Spec-driven development didn't slow me down. It gave me a map of what was being built.

I still don't write the code myself. But now I can see the shape of what's being created. That's the difference between using AI as a black box and using it as a collaborator.

The goal isn't to understand every line of code. It's to understand the system well enough to ask: "Is this what we actually need?"

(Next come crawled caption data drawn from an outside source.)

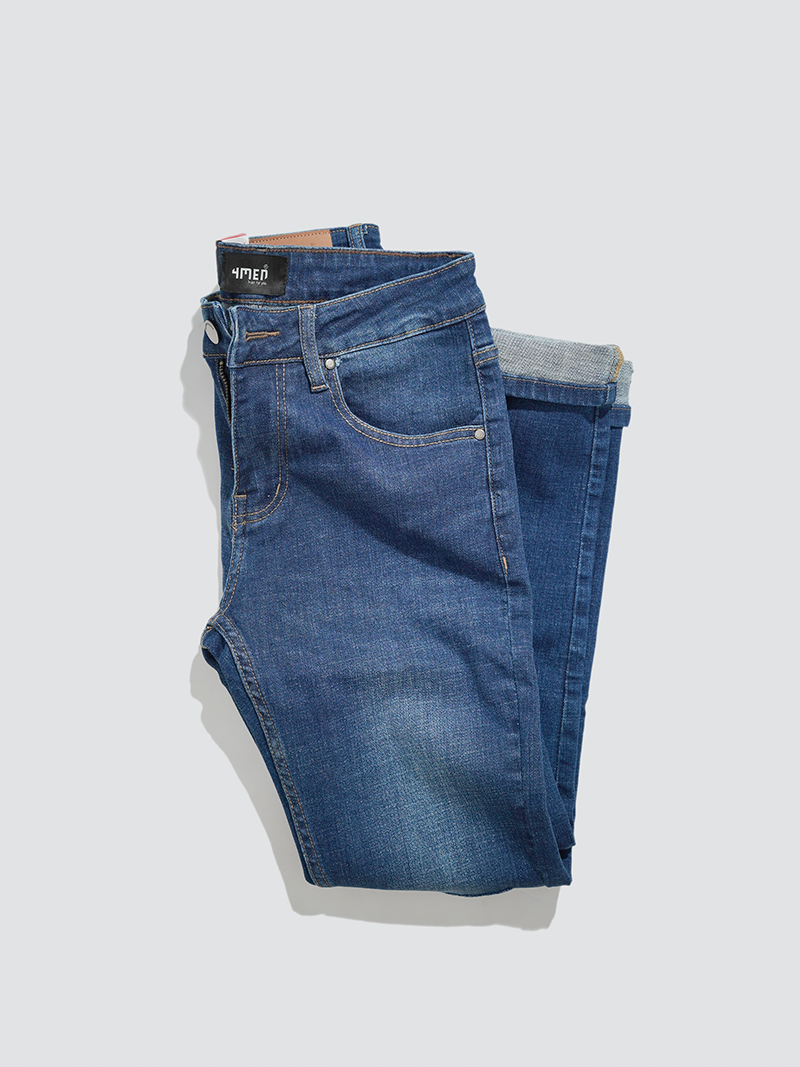Quần Jeans Rách Gối Form Slimfit QJ016 Màu Xanh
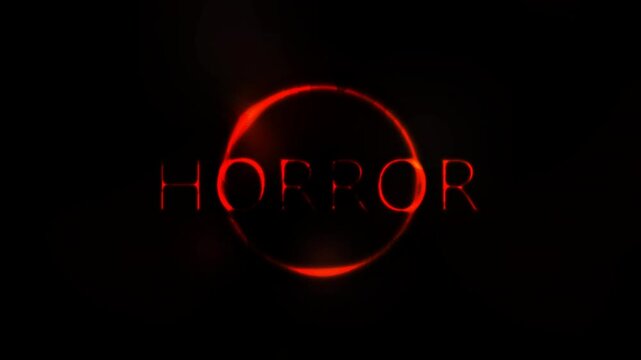 An unsettling, digitally generated title card for a horror film, featuring glowing red text and a circular motif, generated from mathematical equations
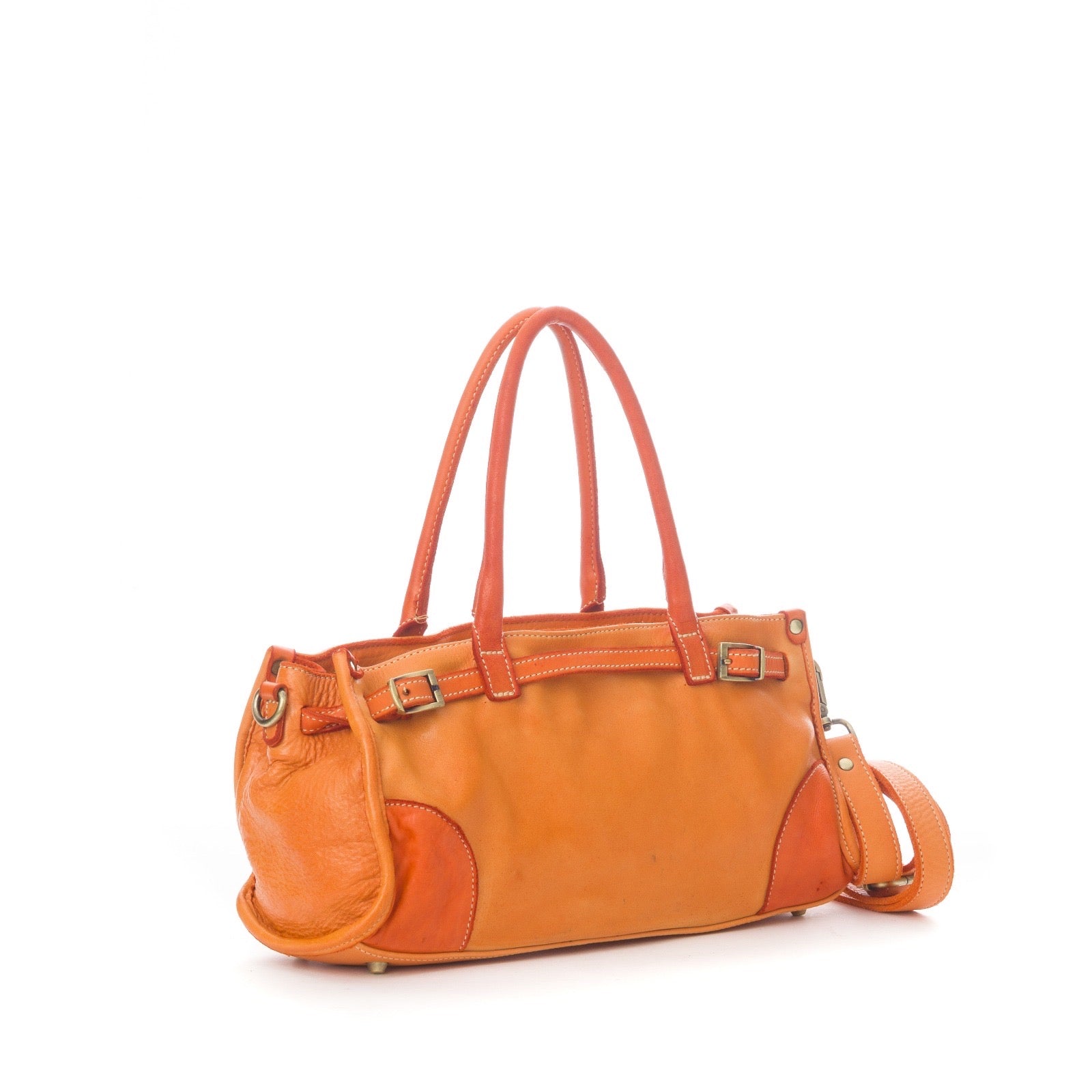 Q-SOFIA Vintage Smooth Calfskin Bag – Italian Leather, Zip-Top & Adjustable Strap, Small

Sometimes the answer is yes. Sometimes it's "wait, why are we calculating prices on the client?"

That's the question I couldn't ask three weeks ago.

Now I can.


Tools I'm exploring:

  • Spec-Kit: Spec-driven development framework
  • GSD: Claude power development workflow
  • Qdrant: Vector database for RAG applications
  • OpenRouter: Multi-model API access

What's next:

  • DataSphere: Learning Management System to host a colleague's Data Science expertise
  • Coaching Animator: Visual training session builder
  • Security hardening: Retrofitting older projects with proper validation

If you're vibe coding fast and starting to feel like you're building on sand - try writing a PRD before your next feature. Even a bad spec is better than no spec.

You might not understand the code. But at least you'll see what's being built.